Two-thirds of IT professionals use non-encrypted removable media at work in spite of being aware of the associated dangers.

The survey, conducted by mobile security company Pointsec, revealed that 56 percent of employees downloaded corporate information on to their memory sticks, up from 31 percent last year. While 65 percent of those surveyed were aware of the potential danger that removable media presents, 66 percent admitted to neglecting a revision of their current security policies (with regard to removable devices). Only 21 percent secured them with passwords and encryption, and just 12 percent of organisations banned them completely from the workplace.

Interestingly, 4 percent pf the participants felt the best way to avoid loss or theft of information from their device was to keep it in their pockets, even if it meant sleeping with the USB stick around their necks.

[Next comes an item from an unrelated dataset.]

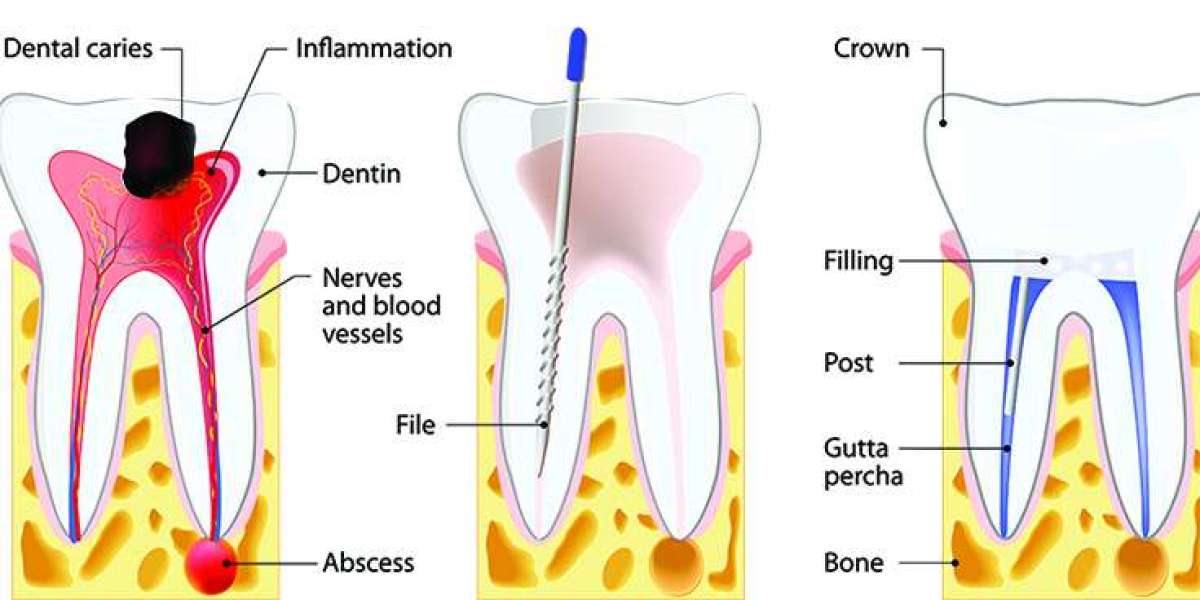 Detailed Step-By-Step Procedure Guide of Root Canal Treatment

The most popular use of the memory sticks was the storage of corporate data such as contracts, proposals and other business documents. Customer names and addresses were stored by 22 percent of the users, with others using them to store presentations, budgets and other documents. One respondent used his memory stick to store his hacking tools while 3 percent found them useful to store passwords and bank account details. Seventy percent used them for downloading music files, reported Pointsec.

The survey, of 248 IT professionals who had attended the Infosecurity Europe 2006 conference in London last month, highlights that with removable media plummeting in price, soaring memory capacities and more people using them at work, companies need to be educated about using them securely.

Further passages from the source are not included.